*** Begin section ***

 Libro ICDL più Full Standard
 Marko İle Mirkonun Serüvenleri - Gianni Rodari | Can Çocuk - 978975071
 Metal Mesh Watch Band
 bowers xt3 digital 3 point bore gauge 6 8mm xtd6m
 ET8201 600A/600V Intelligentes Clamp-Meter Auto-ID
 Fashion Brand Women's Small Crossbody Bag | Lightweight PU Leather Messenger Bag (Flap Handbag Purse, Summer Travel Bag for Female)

*** End section ***
*** Begin section ***

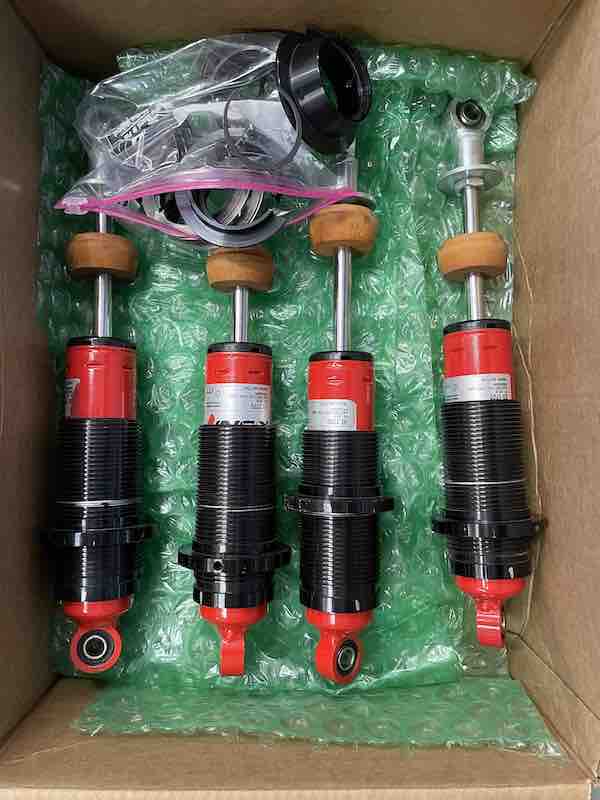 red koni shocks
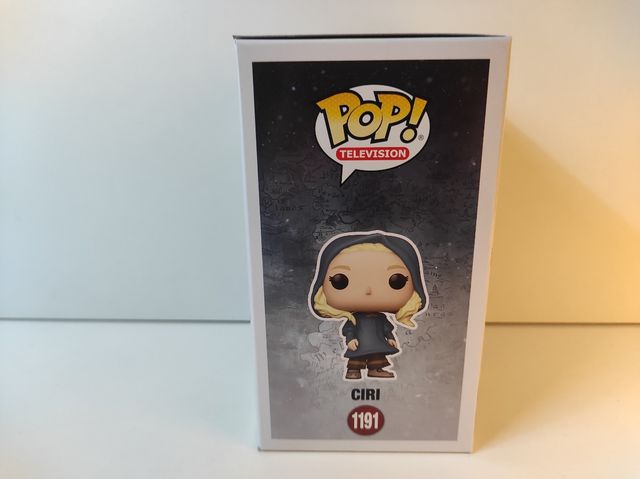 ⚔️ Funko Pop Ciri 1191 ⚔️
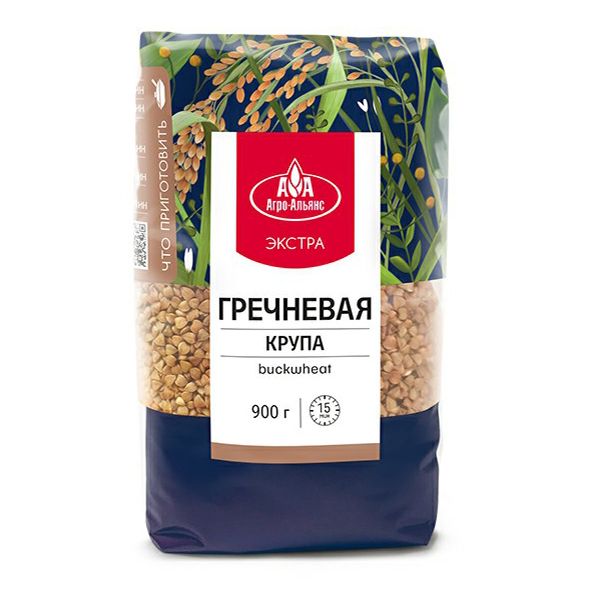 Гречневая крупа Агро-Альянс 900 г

*** End section ***

-- Your objective --
Of the entries listed above, reproduce only the lines starting at the line containing "Libro ICDL più Full Standard" and ending at the line containing "Fashion Brand Women's". Include both, exactly as they stand.

-- Answer to the exercise --
 Libro ICDL più Full Standard
 Marko İle Mirkonun Serüvenleri - Gianni Rodari | Can Çocuk - 978975071
 Metal Mesh Watch Band
 bowers xt3 digital 3 point bore gauge 6 8mm xtd6m
 ET8201 600A/600V Intelligentes Clamp-Meter Auto-ID
 Fashion Brand Women's Small Crossbody Bag | Lightweight PU Leather Messenger Bag (Flap Handbag Purse, Summer Travel Bag for Female)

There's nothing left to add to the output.